Estes dados sugerem que as baixas taxas de publicação encontradas na FMUSP poderiam se beneficiar pelas lições contidas nestes dados. A qualidade da análise estatística poderia ser facilmente melhorada, mas acreditamos que a atividade acadêmica e as publicações dos orientadores seriam os pontos que mereceriam a maior atenção. A avaliação dos programas de pós-graduação, realizada pela Coordenadoria de Aprimoramento de Pessoal de Ensino Superior (CAPES) se baseia, em parte, no número de artigos publicados pelos orientadores, e, mais ainda, no número de artigos publicados em conjunto com os estudantes. Apesar de ainda haver heterogeneidade nos números relatados em recente relatório da instituição9, parece não haver dúvidas quanto à necessidade e à importância de tais critérios. Os números observados neste estudo poderiam explicar porque a maioria dos programas de pós-graduação de nossa Faculdade não alcançou as notas mais elevadas naquela avaliação. Claramente, existe uma outra janela de oportunidades para ser explorada pela FMUSP.

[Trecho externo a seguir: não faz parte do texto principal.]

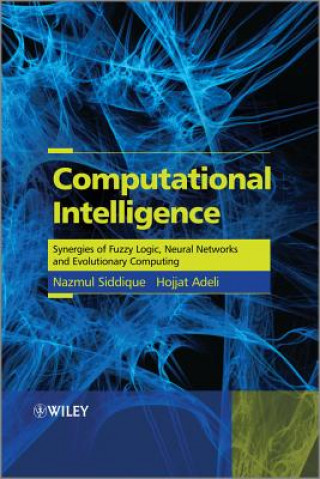 Computational Intelligence - Synergies of Fuzzy Logic, Neural Networks and Evolutionary Computing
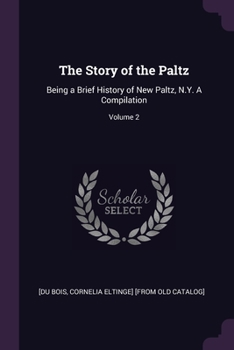 Paperback The Story of the Paltz: Being a Brief History of New Paltz, N.Y. A Compilation; Volume 2 Book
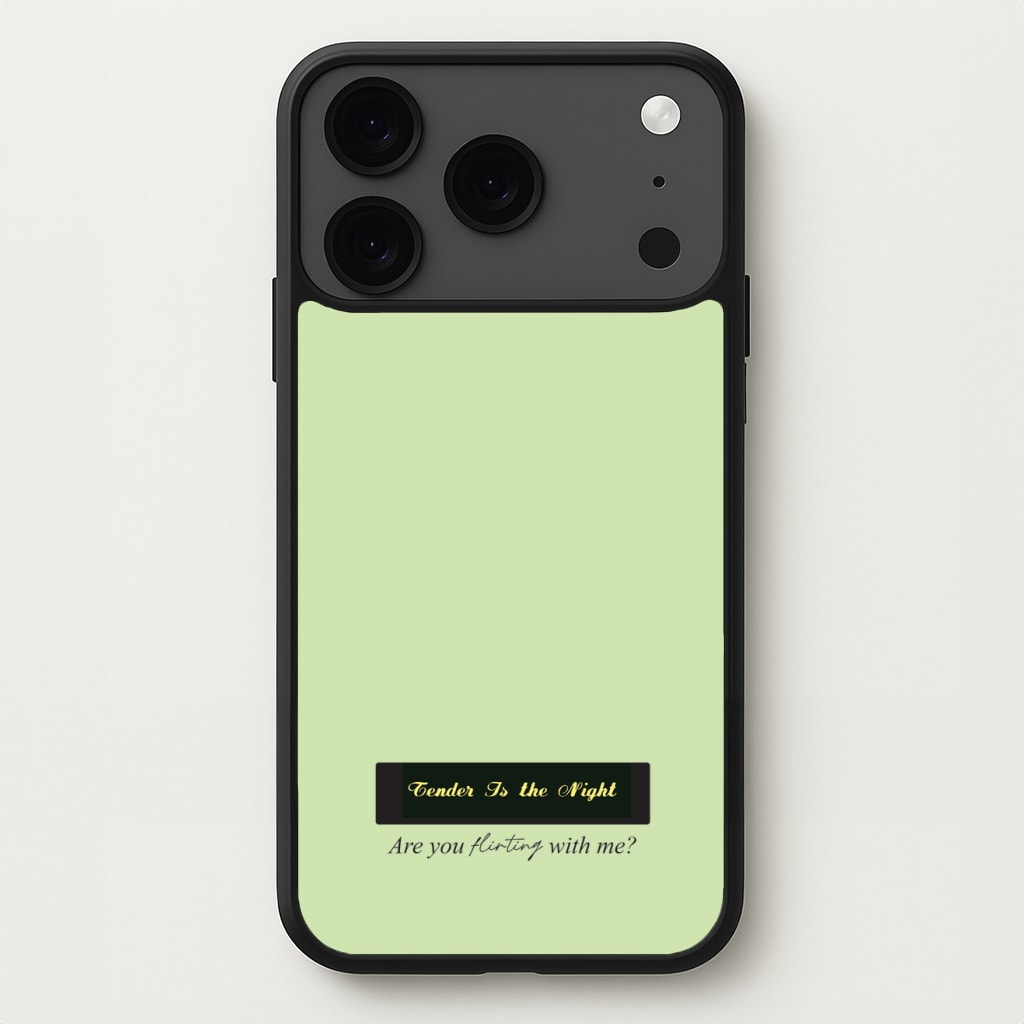 Are You Flirting With Me? Phone Case for iPhone 17 Pro
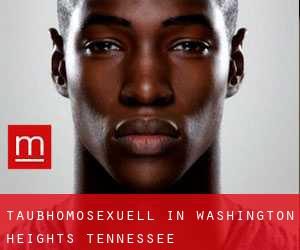 Taubhomosexuell in Washington Heights (Tennessee)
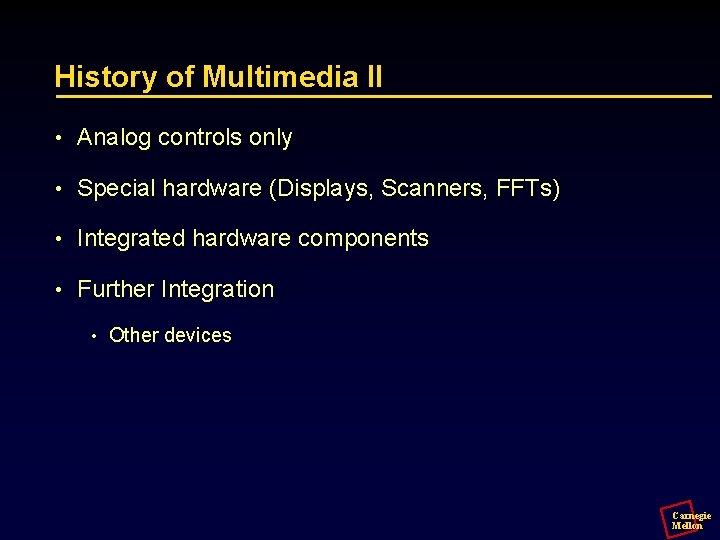 History of Multimedia II • Analog controls only • Special hardware (Displays, Scanners, FFTs)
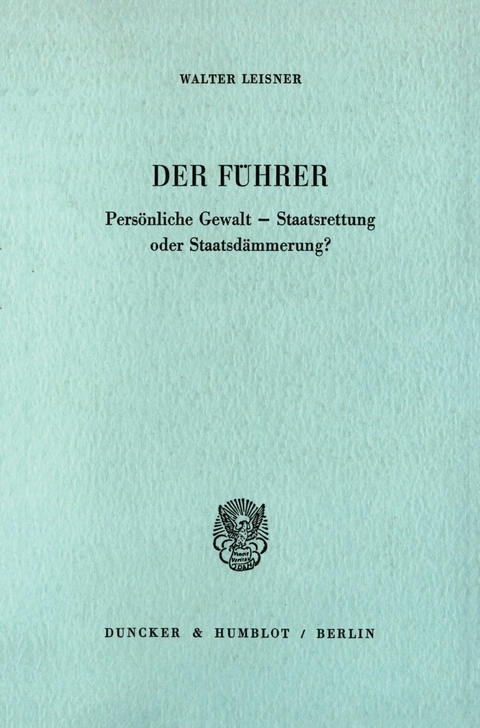 Der Führer. -  Walter Leisner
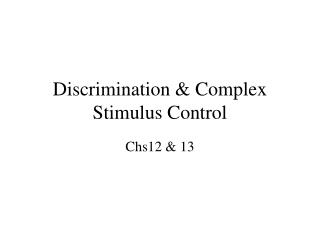 Discrimination &amp; Complex Stimulus Control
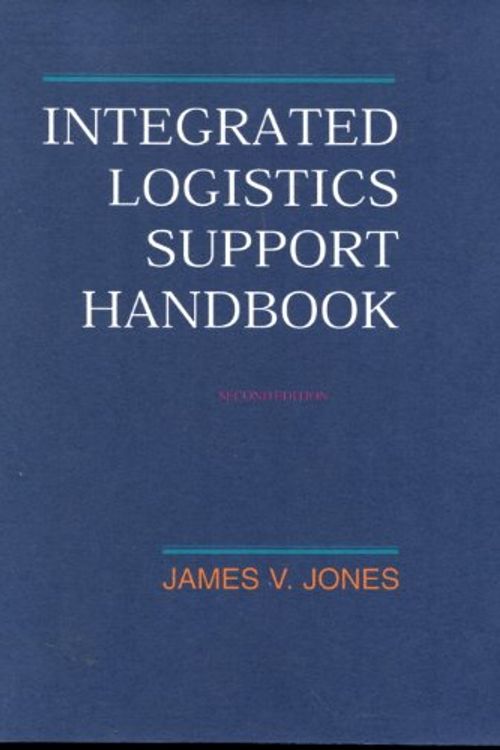 Cover Art for 9780070330795, Integrated Logistics Support Handbook by James V. Jones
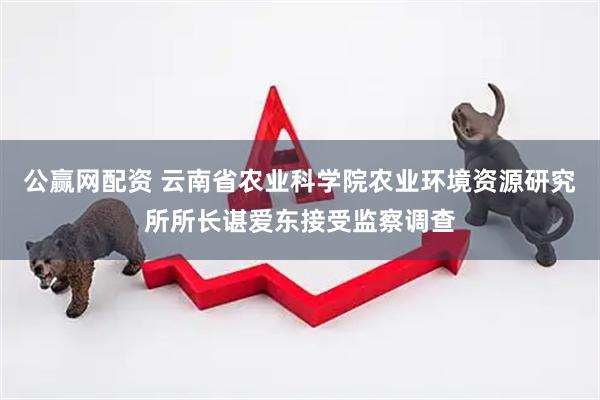 公赢网配资 云南省农业科学院农业环境资源研究所所长谌爱东接受监察调查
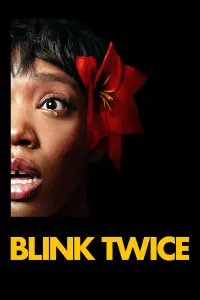 Poster to the movie "Blink Twice" #930611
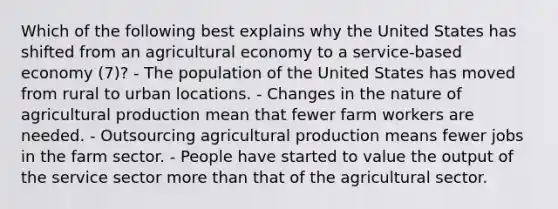 Which of the following best explains why the United States has shifted from an agricultural economy to a service-based economy (7)? - The population of the United States has moved from rural to urban locations. - Changes in the nature of agricultural production mean that fewer farm workers are needed. - Outsourcing agricultural production means fewer jobs in the farm sector. - People have started to value the output of the service sector more than that of the agricultural sector.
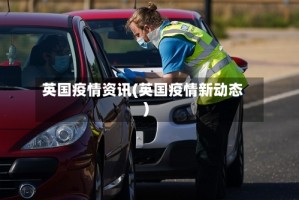 英国疫情资讯(英国疫情新动态)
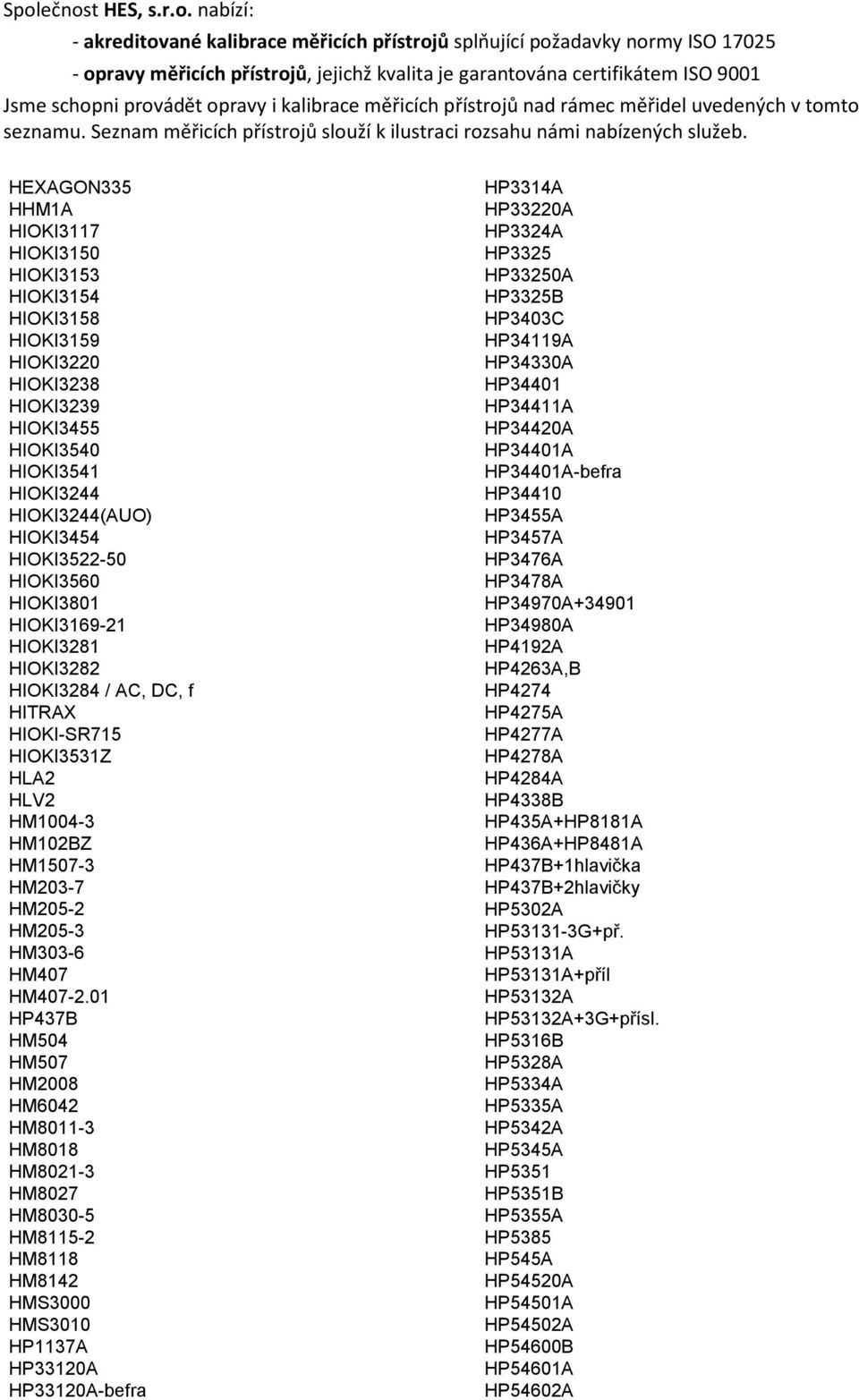 01 HP437B HM504 HM507 HM2008 HM6042 HM8011-3 HM8018 HM8021-3 HM8027 HM8030-5 HM8115-2 HM8118 HM8142 HMS3000 HMS3010 HP1137A HP33120A HP33120A-befra HP3314A HP33220A HP3324A HP3325 HP33250A HP3325B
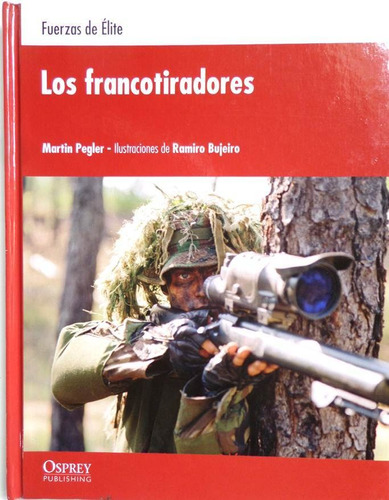 Libro Los Francotiradores Osprey Guerra Mundial Historia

Finalmente, a explicação mais provável para a deficiência aqui apontada está no sistema da pós-graduação per se. O sistema inteiro continua a funcionar como uma extensão da graduação médica. O conceito da pós-graduação como iniciação para pesquisadores, apesar de teoricamente aceita, não tem sido praticada. Pior, isso não é nenhuma novidade10.

Apesar de desejável, ninguém espera que todos ou doutorados produzam pesquisa realmente inovadora. A necessidade de pesquisadores capazes de entender e se atualizar nos desenvolvimentos mais recentes é essencial para qualquer país, e deveria ser um dos objetivos do sistema de graduação. Infelizmente, se estes pesquisadores "médios" não participarem no sistema de publicações, não poderemos nos assegurar que tal objetivo seja algum dia alcançado. Certamente, a falta de publicações compromete a qualidade de nossos médicos como um todo11.

REFERÊNCIAS

1. de Meis L, Velloso A, D Lannes, Carmo de Meis C. The growing competition in Brazilian science: rites of passage, stress and burnout. Braz J Med Biol Res 2003;36(9):1135-1141.

2. Salmi LR, Gana S, Mouillet E. Publication pattern of medical thesis, France, 1993-98. Med Educ. 2001;35(1):18-21.

3. Coura JR, Willcox Lde C. Impact factor, scientific production and quality of Brazilian medical journals. Mem Inst Oswaldo Cruz. 2003;98(3):293-7.

4. Lawrence PA. The politics of publication. Nature. 2003; 422(6929):259-61.

5. Frkovic V, Skender T, Dojcinovic B, Bilic-Zulle L. Publishing scientific papers based on Master's and Ph.D. theses from a small scientific community: case study of Croatian medical schools. Croat Med J. 2003;44(1):107-11.

6. von Elm E, Costanza MC, Walder B, Tramer MR. More insight into the fate of biomedical meeting abstracts: a systematic review. BMC Med Res Methodol. 2003;3(1):12.

7. Diez C, Arkenau C, Meyer-Wentrup F. The German medical dissertation—time to change? Acad Med. 2000;75(8):861-3.

8. Vogel U, Windeler J. Factors modifying frequency of publications of clinical research results exemplified by medical dissertations. Dtsch Med Wochenschr. 2000;125(5):110-3.

9. Marchini JS, Leite JP, Velasco IT. Avaliação da Pós Graduação da Capes: homogenia ou heterogenia. Infocapes 2001; 9:7-16

10. Borges DR. Postgraduate studies in the medical field. Rev Assoc Med Bras. 1994;40(4):271-5.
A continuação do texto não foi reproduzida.